A team including the Defense Advanced Research Projects Agency (DARPA), the Air Force Research Lab (AFRL), Lockheed Martin (NYSE: LMT) and Aerojet Rocketdyne (NYSE: AJRD) has successfully flight tested a new system known as the Hypersonic Air-breathing Weapon Concept (HAWC). The test, conducted off the coast of the U.S. using Lockheed Martin’s version of the HAWC, reached speeds in excess of Mach 5 and traveled 300 nautical miles at a flight ceiling greater than 65,000 feet. This is the second successful flight test in DARPA’s HAWC program. The first successful test was carried out by Raytheon in partnership with DARPA on September 27th, 2021. Read DARPA’s press releases on both tests below:
Second Successful Flight for DARPA Hypersonic Air-breathing Weapon Concept (HAWC)
DARPA and its U.S. Air Force partner recently completed a free flight test of the Lockheed Martin version of the Hypersonic Air-breathing Weapon Concept (HAWC). The vehicle, after release from a carrier aircraft, was boosted to its Aerojet Rocketdyne scramjet engine ignition envelope. From there, it quickly accelerated to and maintained cruise faster than Mach 5 (five times the speed of sound) for an extended period of time. The vehicle reached altitudes greater than 65,000 feet and flew for more than 300 nautical miles.
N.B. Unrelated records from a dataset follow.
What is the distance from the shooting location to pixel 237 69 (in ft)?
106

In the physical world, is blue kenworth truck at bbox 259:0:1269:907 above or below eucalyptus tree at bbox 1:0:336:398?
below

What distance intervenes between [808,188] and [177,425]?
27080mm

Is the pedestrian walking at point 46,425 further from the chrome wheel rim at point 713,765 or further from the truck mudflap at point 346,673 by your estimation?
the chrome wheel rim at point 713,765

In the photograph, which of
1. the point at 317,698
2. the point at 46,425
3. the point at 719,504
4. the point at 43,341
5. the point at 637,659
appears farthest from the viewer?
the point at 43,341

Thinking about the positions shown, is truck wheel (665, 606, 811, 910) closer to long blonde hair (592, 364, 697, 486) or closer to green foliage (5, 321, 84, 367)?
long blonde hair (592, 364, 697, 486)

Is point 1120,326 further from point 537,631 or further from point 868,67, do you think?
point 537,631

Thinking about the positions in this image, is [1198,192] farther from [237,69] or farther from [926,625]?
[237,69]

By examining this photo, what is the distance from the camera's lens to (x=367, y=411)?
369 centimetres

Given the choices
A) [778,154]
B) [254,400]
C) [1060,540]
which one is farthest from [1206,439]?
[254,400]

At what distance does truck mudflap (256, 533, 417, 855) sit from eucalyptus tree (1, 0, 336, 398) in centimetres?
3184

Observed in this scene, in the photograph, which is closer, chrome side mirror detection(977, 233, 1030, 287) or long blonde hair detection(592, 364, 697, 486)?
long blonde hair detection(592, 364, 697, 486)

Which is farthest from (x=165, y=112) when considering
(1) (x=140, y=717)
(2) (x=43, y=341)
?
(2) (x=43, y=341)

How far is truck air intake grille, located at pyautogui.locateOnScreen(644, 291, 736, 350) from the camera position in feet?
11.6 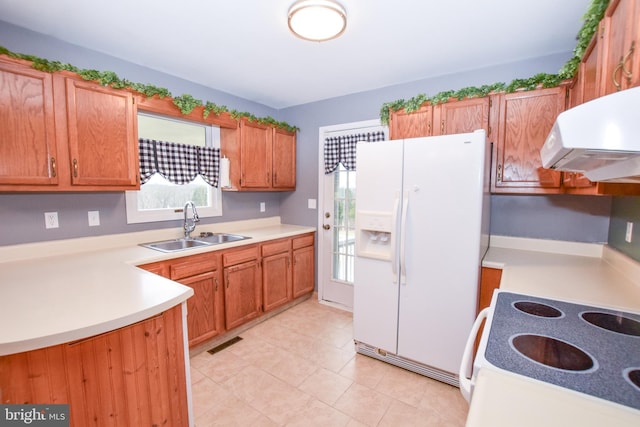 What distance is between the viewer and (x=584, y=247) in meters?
2.32

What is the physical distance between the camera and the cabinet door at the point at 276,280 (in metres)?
3.06

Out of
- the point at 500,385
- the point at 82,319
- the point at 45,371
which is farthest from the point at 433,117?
the point at 45,371

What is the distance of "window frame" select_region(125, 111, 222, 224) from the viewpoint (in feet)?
8.33

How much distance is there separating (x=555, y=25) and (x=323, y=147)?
7.46 feet

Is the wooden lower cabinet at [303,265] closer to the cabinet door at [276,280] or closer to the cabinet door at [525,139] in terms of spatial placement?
the cabinet door at [276,280]

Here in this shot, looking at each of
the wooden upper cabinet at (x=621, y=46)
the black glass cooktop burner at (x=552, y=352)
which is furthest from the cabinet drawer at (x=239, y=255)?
the wooden upper cabinet at (x=621, y=46)

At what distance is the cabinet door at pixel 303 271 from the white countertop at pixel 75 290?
1203 millimetres

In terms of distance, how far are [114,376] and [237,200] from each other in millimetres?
2392

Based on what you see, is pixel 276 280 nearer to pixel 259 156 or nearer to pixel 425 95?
pixel 259 156

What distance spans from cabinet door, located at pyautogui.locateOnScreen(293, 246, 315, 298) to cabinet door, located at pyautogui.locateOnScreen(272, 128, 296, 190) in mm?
840

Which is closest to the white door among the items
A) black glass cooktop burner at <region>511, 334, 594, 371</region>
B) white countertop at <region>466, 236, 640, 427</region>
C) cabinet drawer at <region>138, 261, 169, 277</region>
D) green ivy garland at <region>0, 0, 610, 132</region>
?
green ivy garland at <region>0, 0, 610, 132</region>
This is the second successful flight in DARPA’s HAWC program. Last September, a different vehicle configuration from another contractor team also reached hypersonic flight.
DARPA’S Hypersonic Air-breathing Weapon Concept (HAWC) Achieves Successful Flight
DARPA, in partnership with the U.S. Air Force, completed a free flight test of its Hypersonic Air-breathing Weapon Concept (HAWC) last week. The missile, built by Raytheon Technologies, was released from an aircraft seconds before its Northrop Grumman scramjet (supersonic combustion ramjet) engine kicked on. The engine compressed incoming air mixed with its hydrocarbon fuel and began igniting that fast-moving airflow mixture, propelling the cruiser at a speed greater than Mach 5 (five times the speed of sound).
The HAWC vehicle operates best in oxygen-rich atmosphere, where speed and maneuverability make it difficult to detect in a timely way. It could strike targets much more quickly than subsonic missiles and has significant kinetic energy even without high explosives.